|ISSN 1357-4442||Editor: Simon Denison|
The archaeology of 11th century Scotland is almost entirely undiscovered, writes Nick Aitchison
Macbeth, immortalised in Shakespeare's compelling tragedy of ambition, betrayal and the supernatural, may be one of Scotland's most famous kings. The myth of Macbeth has universal appeal. The historical Macbeth (1040-57), however, is less well known, largely because of the scarcity of reliable source material.
Historians have traditionally been dependent on a combination of contemporary Anglo-Saxon and Irish sources, Scottish king lists that survive only as much later copies and, in particular, the medieval Scottish chronicles which provided the inspiration for Shakespeare's Macbeth. All these sources present problems of interpretation and/or reliability.
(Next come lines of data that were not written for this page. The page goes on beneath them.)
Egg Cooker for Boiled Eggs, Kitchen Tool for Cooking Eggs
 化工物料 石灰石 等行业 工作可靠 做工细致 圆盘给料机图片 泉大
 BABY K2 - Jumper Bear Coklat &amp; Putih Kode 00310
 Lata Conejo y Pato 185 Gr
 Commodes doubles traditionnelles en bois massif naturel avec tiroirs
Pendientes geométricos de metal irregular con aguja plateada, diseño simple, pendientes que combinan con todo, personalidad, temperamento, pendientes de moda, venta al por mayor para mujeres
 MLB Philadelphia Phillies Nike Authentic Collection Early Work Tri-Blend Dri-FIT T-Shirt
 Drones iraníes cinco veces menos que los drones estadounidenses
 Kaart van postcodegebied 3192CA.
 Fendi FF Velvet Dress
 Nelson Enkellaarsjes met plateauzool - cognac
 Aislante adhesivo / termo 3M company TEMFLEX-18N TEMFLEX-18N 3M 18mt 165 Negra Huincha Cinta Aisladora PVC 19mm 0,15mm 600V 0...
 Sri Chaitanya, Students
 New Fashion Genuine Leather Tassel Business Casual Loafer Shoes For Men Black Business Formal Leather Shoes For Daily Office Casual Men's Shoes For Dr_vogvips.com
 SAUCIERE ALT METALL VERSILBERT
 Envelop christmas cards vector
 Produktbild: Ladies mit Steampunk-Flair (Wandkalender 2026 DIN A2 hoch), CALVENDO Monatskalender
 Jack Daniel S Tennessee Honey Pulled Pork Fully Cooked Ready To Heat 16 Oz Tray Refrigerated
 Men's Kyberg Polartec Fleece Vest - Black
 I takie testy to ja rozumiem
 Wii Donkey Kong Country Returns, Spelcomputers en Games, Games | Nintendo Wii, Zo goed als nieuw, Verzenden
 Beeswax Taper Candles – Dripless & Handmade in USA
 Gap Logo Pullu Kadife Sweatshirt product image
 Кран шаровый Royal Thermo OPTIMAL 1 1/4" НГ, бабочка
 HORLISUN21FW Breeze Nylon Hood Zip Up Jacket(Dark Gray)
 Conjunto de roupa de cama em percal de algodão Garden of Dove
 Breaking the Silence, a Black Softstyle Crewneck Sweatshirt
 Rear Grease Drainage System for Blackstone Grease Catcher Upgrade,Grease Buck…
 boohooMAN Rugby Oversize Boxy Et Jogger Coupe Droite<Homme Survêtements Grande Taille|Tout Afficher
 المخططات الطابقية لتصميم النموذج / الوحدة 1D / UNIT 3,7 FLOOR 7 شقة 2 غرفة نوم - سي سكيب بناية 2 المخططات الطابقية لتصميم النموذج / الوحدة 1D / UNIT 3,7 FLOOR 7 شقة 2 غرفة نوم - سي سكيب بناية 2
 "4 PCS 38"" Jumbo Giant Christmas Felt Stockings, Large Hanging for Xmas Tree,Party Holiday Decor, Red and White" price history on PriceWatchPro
Nevertheless, Macbeth emerges from the shadows as a remarkable character in several respects. The known facts about his life are, briefly, these: he belonged to the hereditary aristocracy of Moray, an extensive and turbulent northern province centred around Inverness, Elgin and Forres, and separated from the rest of Scotland by the Grampian Mountains. His father was mormaer (`great steward') of Moray but was murdered by Macbeth's cousins. Macbeth later seized the province, probably by burning his cousin and his cousin's warband to death, and took his cousin's wife as his own. Macbeth also belonged to the Scottish royal kin group through his mother and was probably a grandson of Malcolm II, with whom he was closely associated; Macbeth was present at the meeting between Malcolm and Cnut, King of England and Denmark, in 1031.
Macbeth was by no means exceptional in seizing the kingship by killing his predecessor, the hapless Duncan (1034-40). But Macbeth does stand out by then holding on to the Scottish kingship for 17 years. He defeated an uprising led by Duncan's father, the (lay) abbot of Dunkeld, in 1045 and his grip on power was sufficiently strong for him to make the pilgrimage to Rome - a demonstration of royal piety made popular by Cnut - involving an absence of up to a year. Macbeth made an opulent entrance to the Eternal City by scattering silver to the poor, according to the chronicler Marianus Scotus.
Macbeth was defeated by a combined Scottish and Northumbrian army led by Malcolm, Duncan's eldest son, and Siward, Earl of Northumbria, in 1054. Medieval chronicles place the encounter at Dunsinane but it is recorded in contemporary sources only as the `Battle of the Seven Sleepers', after the festival on which it occured (27 July). Macbeth survived, but his grip on the kingship was probably broken. Although the end of his reign is conventionally dated to 1057, Macbeth's final years probably saw his power limited to Moray. Macbeth was killed by Malcolm's forces at Lumphanan, near the southern limit of this territory, in 1057. His foster son, Lulach, held on to Moray for another four months before he, too, was killed by Malcolm.
Macbeth's reign straddles the midpoint of a turbulent but formative century in Scottish history. The Scots' victory at Carham in 1018 wrested Lothian and the Borders from Northumbrian control and established the Anglo-Scottish border at the River Tweed, where it remains to this day. Although the Northern and Western Isles and Caithness were settled by the Vikings, the extent of the kingdom of Scotia or Alba, as it was known in Gaelic, was similar to that of modern Scotland. This was the zenith of the Gaelic language in Scotland, its use extending into the Borders as place-names attest.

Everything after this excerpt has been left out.